◆ **Your goal**
Starting at the line that contains "Tesla Inventory Rises", write out every line through the end of the records below exactly as it appears, and leave out all pictures.

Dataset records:
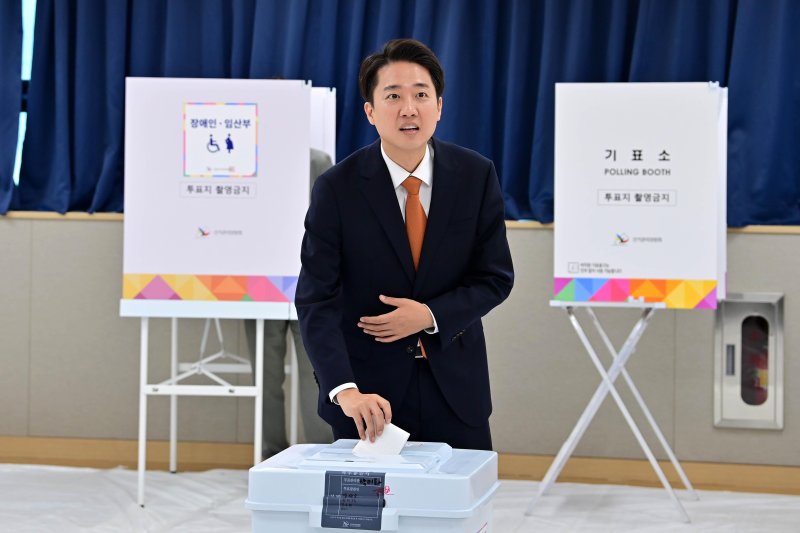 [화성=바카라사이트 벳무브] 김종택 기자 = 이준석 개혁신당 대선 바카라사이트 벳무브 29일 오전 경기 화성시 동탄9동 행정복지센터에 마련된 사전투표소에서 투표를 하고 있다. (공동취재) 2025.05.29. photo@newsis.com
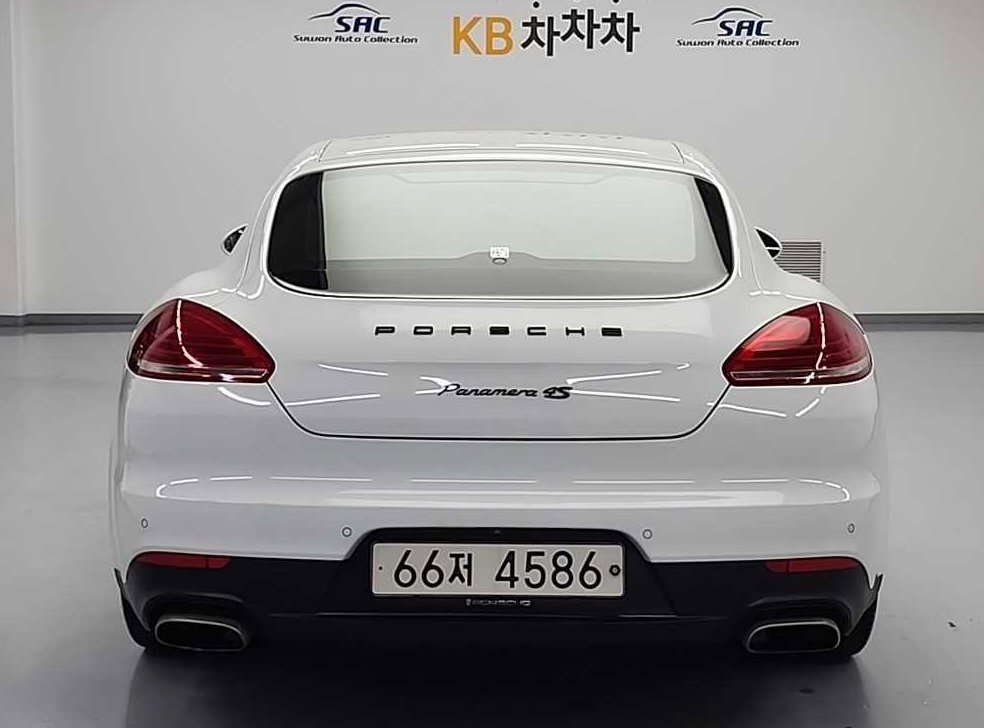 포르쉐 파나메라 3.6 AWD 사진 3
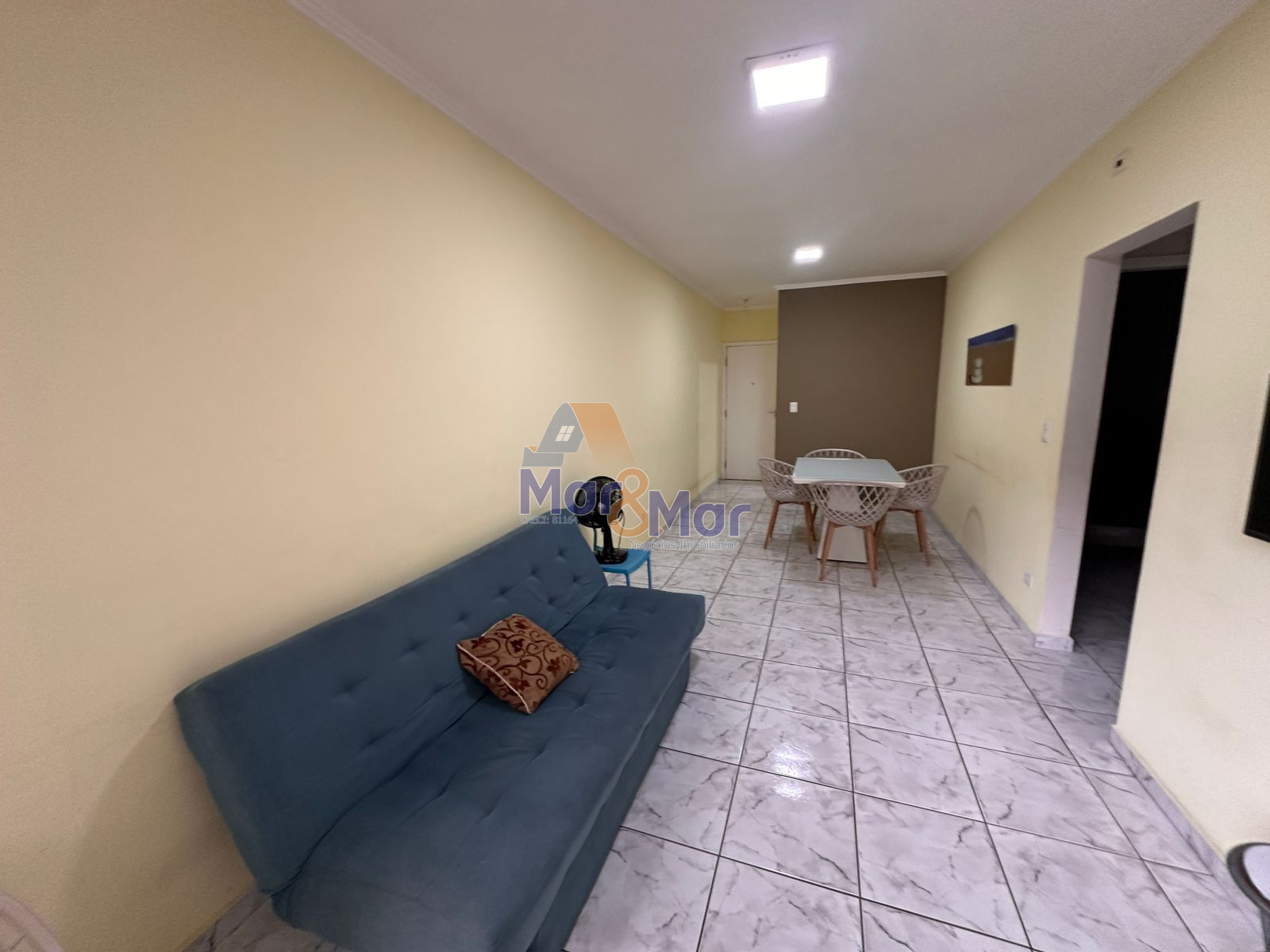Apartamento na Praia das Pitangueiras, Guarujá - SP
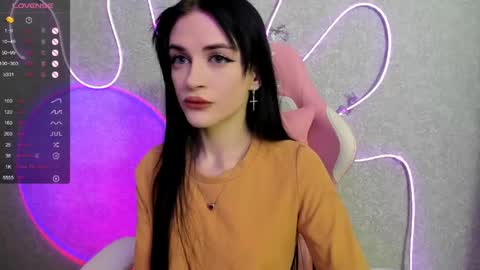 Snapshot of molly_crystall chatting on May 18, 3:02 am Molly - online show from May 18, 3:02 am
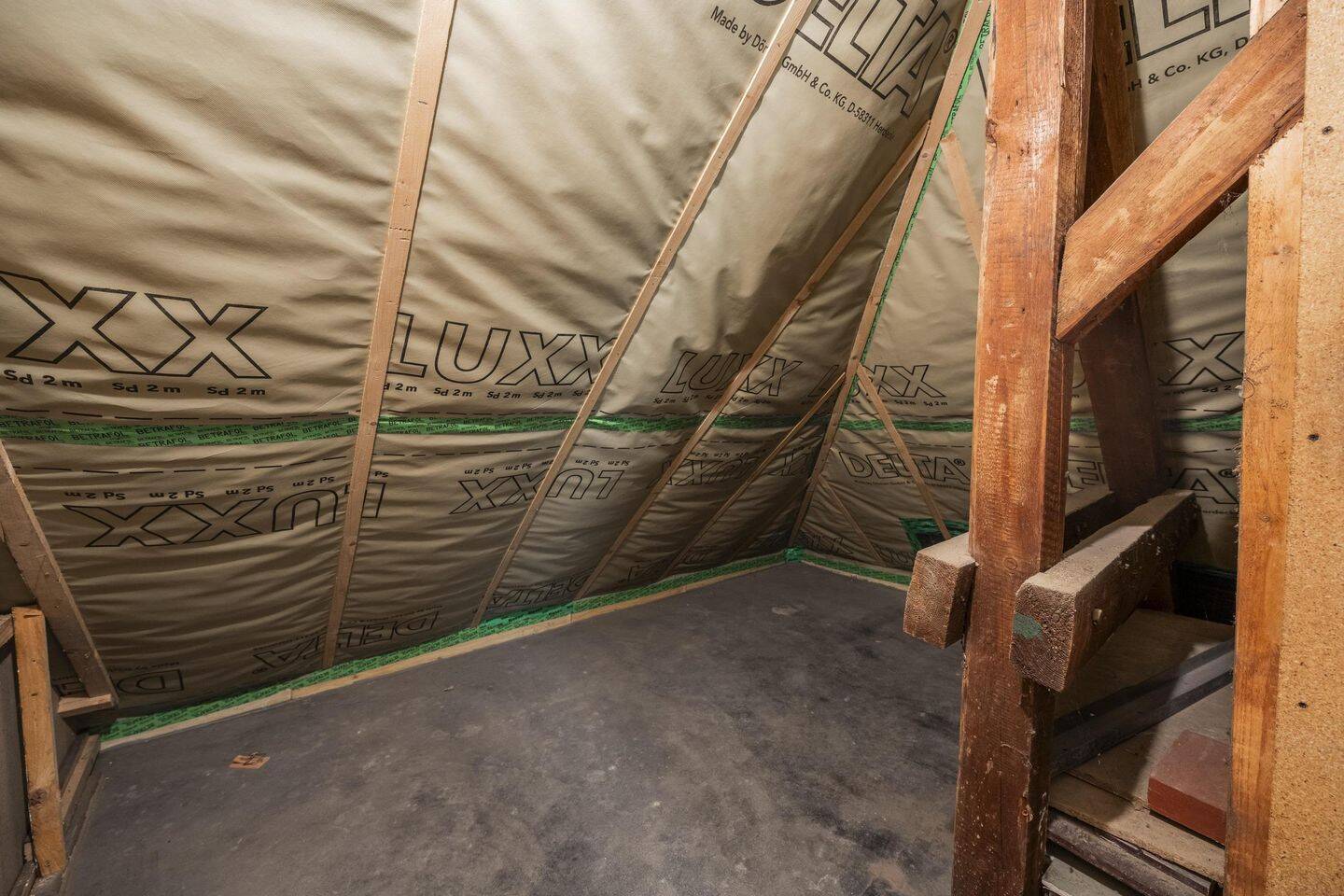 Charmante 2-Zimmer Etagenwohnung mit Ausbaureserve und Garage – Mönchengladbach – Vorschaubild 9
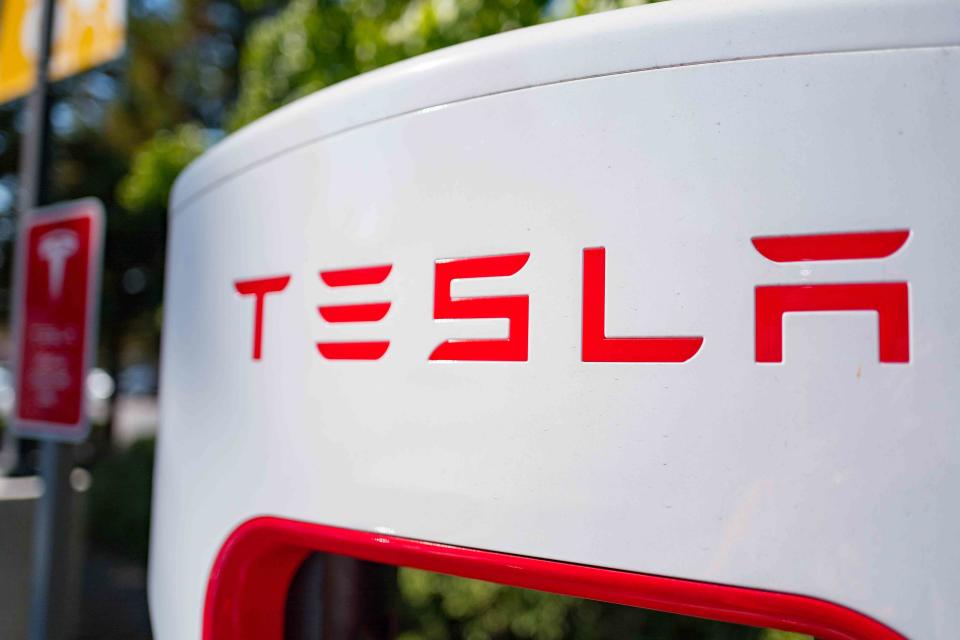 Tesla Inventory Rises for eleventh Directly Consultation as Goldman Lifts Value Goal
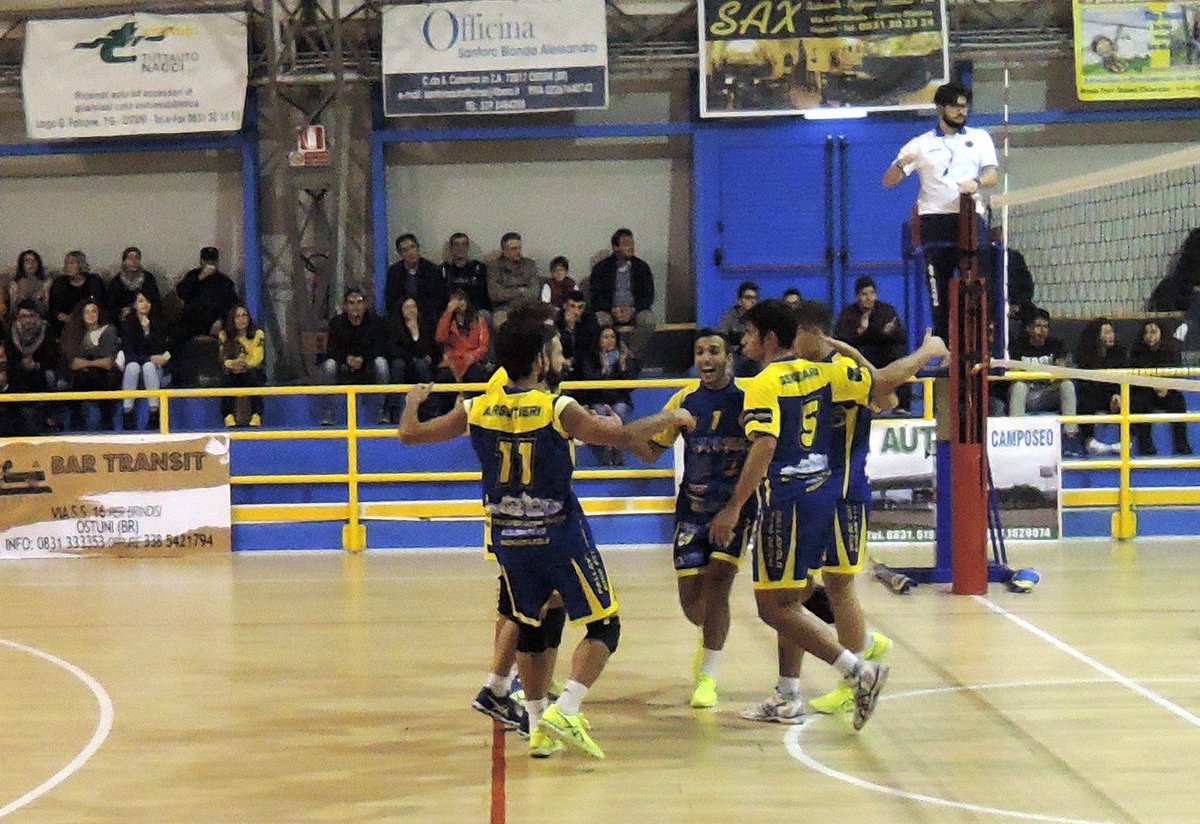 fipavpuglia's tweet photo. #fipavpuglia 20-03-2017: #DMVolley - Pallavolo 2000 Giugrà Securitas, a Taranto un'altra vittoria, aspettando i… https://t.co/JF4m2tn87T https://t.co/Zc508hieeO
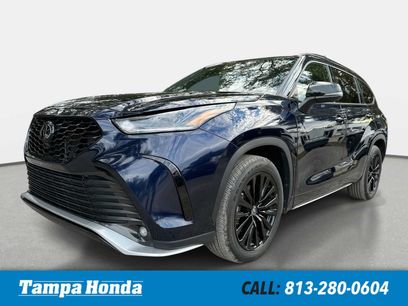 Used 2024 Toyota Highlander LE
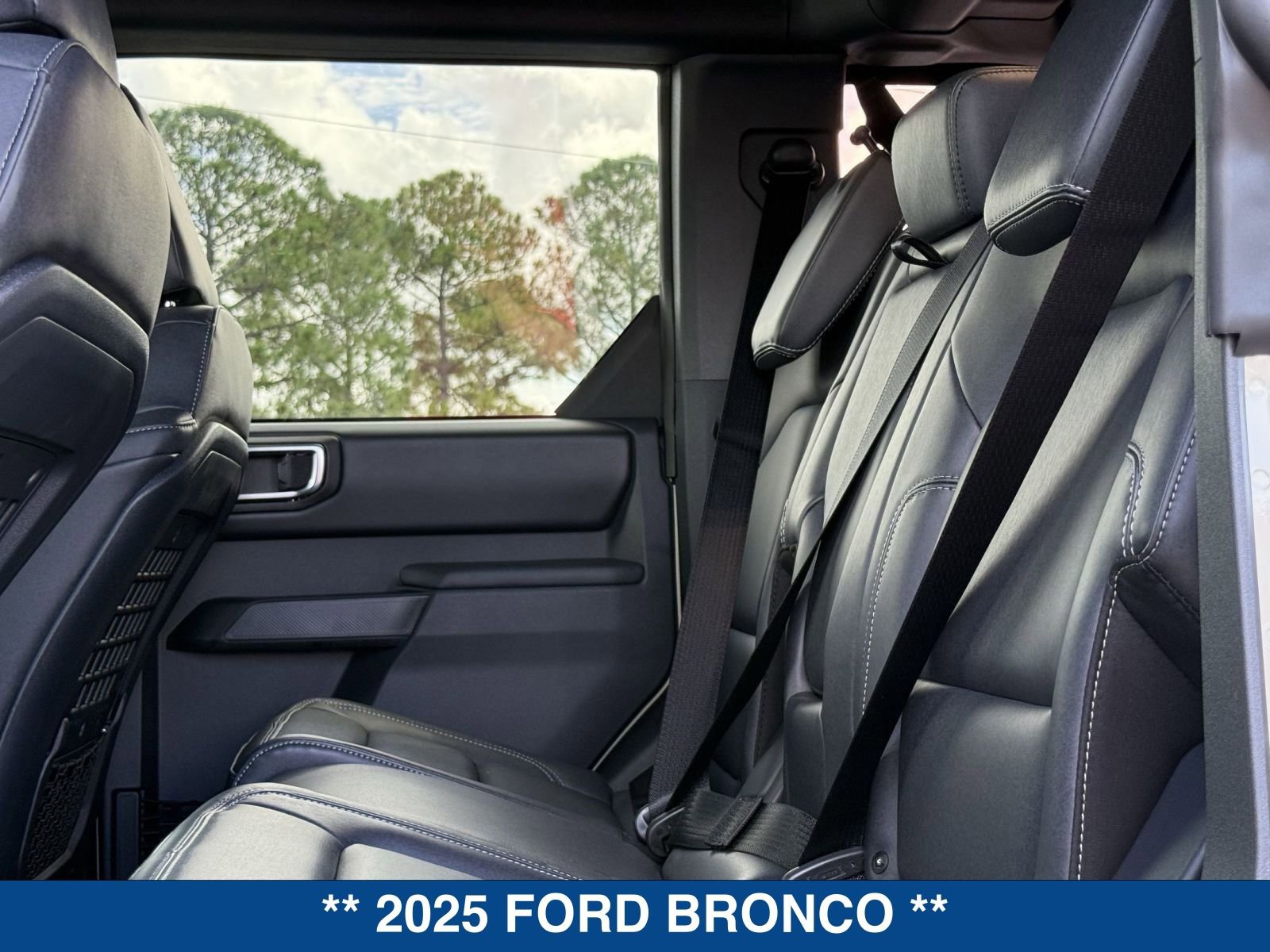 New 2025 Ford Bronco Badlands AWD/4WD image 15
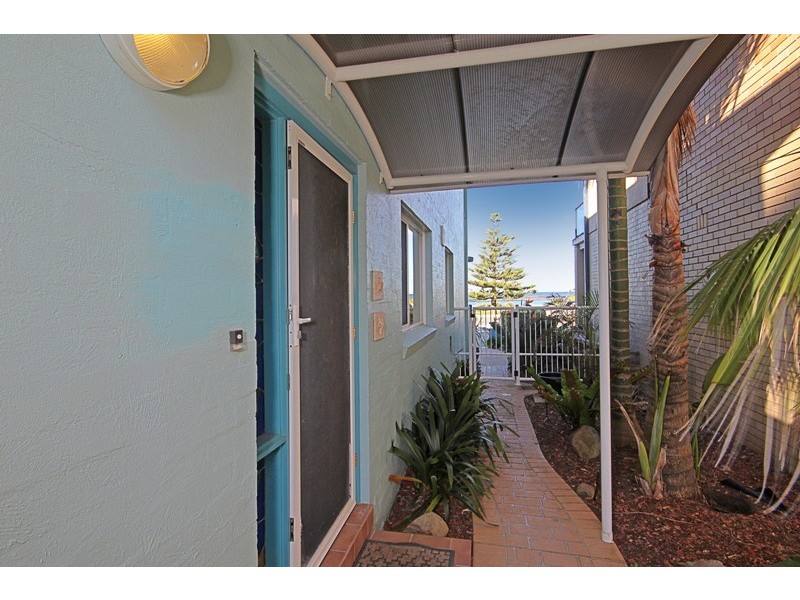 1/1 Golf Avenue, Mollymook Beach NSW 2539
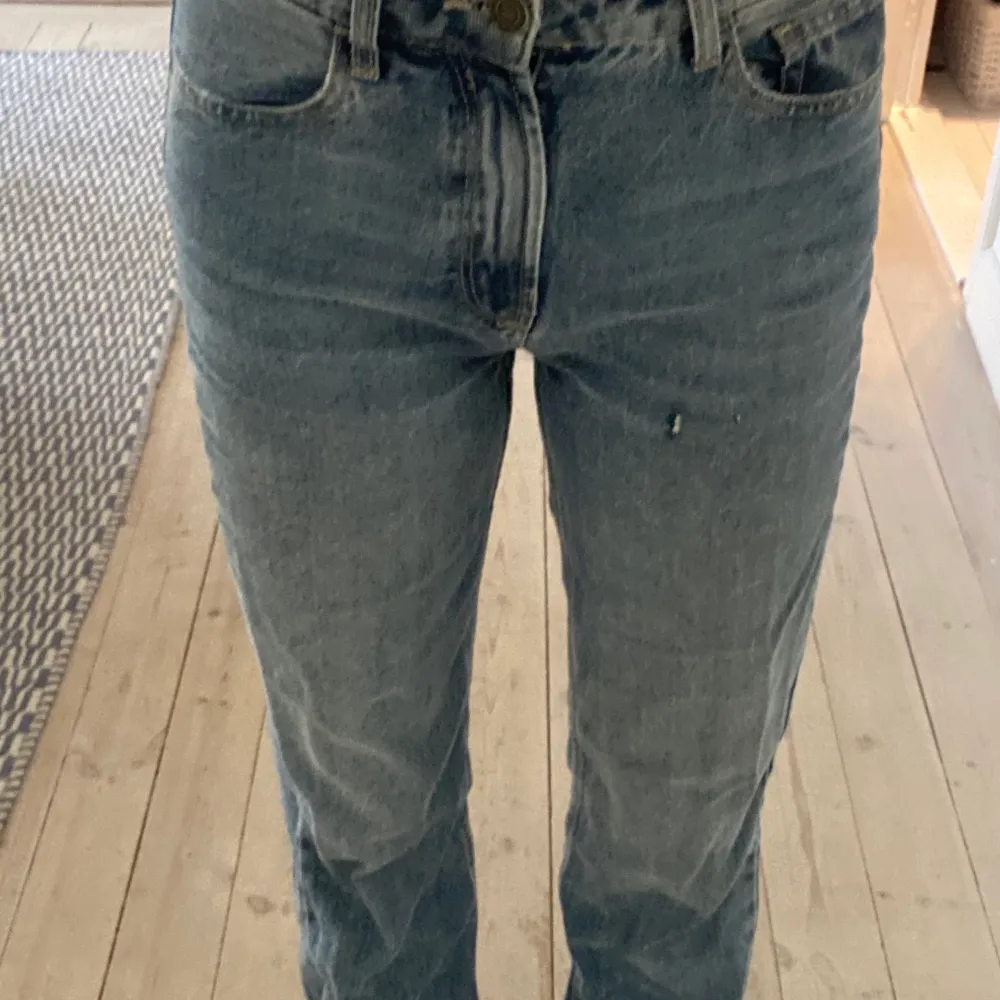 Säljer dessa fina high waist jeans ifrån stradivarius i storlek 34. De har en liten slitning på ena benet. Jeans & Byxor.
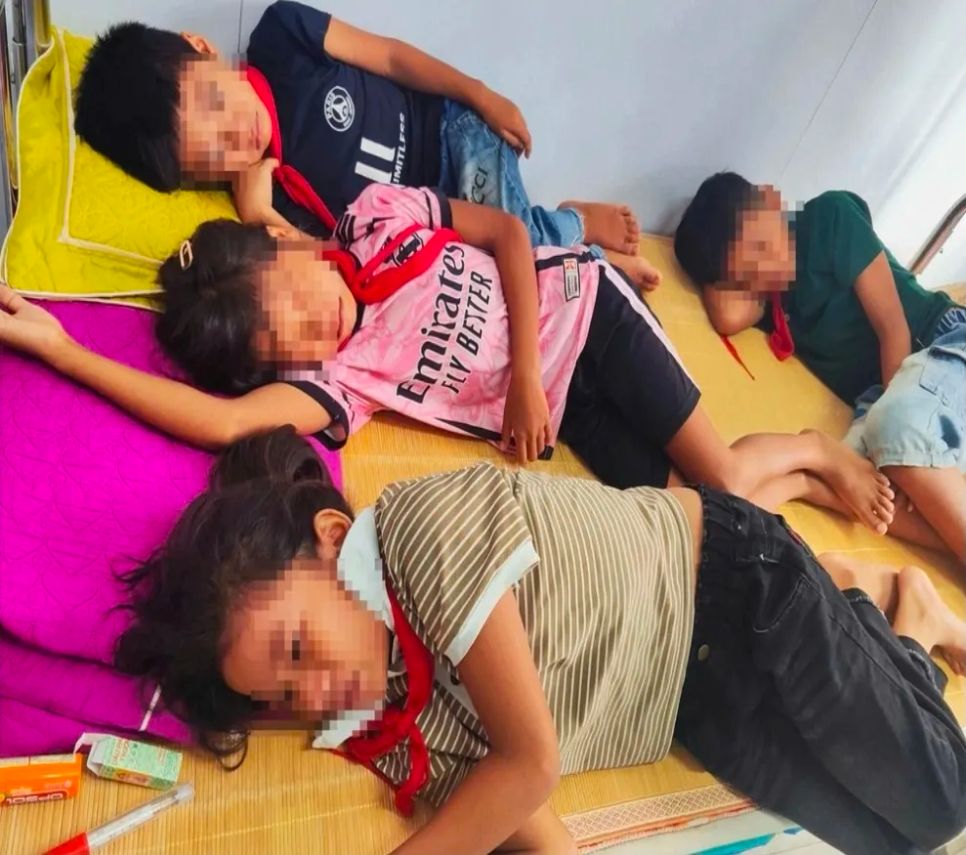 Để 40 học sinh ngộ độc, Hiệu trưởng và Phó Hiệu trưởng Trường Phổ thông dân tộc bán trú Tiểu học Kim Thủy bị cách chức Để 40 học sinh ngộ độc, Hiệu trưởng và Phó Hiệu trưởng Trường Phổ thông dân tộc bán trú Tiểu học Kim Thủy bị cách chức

◆ **Solution to this problem**
 Tesla Inventory Rises for eleventh Directly Consultation as Goldman Lifts Value Goal
 fipavpuglia's tweet photo. #fipavpuglia 20-03-2017: #DMVolley - Pallavolo 2000 Giugrà Securitas, a Taranto un'altra vittoria, aspettando i… https://t.co/JF4m2tn87T https://t.co/Zc508hieeO
 Used 2024 Toyota Highlander LE
 New 2025 Ford Bronco Badlands AWD/4WD image 15
 1/1 Golf Avenue, Mollymook Beach NSW 2539
 Säljer dessa fina high waist jeans ifrån stradivarius i storlek 34. De har en liten slitning på ena benet. Jeans & Byxor.
 Để 40 học sinh ngộ độc, Hiệu trưởng và Phó Hiệu trưởng Trường Phổ thông dân tộc bán trú Tiểu học Kim Thủy bị cách chức Để 40 học sinh ngộ độc, Hiệu trưởng và Phó Hiệu trưởng Trường Phổ thông dân tộc bán trú Tiểu học Kim Thủy bị cách chức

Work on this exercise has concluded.